● EXERCISE DESCRIPTION
Beneath this sentence is a listing. Return its lines from the one containing "6 Pack Cute" through the last, exactly, and omit the pictures.

● MATERIAL PROVIDED
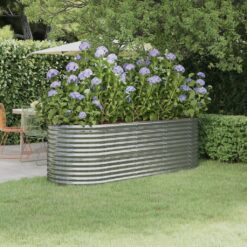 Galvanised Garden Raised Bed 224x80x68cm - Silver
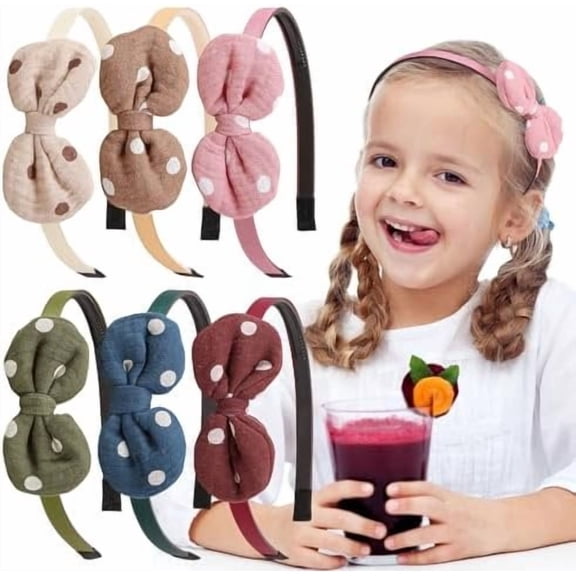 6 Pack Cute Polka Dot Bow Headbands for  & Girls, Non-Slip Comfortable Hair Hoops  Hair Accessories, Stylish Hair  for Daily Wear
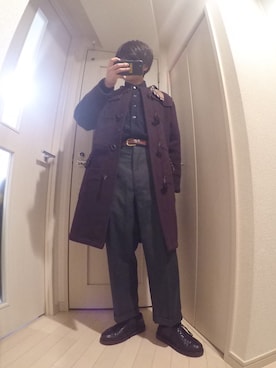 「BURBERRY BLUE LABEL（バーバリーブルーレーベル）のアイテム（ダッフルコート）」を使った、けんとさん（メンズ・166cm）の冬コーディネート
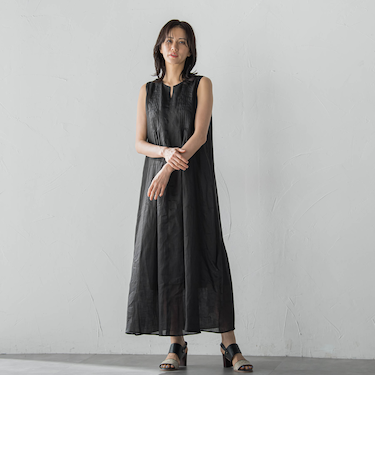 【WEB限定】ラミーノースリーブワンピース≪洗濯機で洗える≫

● RESULT OF THE EXERCISE
 6 Pack Cute Polka Dot Bow Headbands for  & Girls, Non-Slip Comfortable Hair Hoops  Hair Accessories, Stylish Hair  for Daily Wear
 「BURBERRY BLUE LABEL（バーバリーブルーレーベル）のアイテム（ダッフルコート）」を使った、けんとさん（メンズ・166cm）の冬コーディネート
 【WEB限定】ラミーノースリーブワンピース≪洗濯機で洗える≫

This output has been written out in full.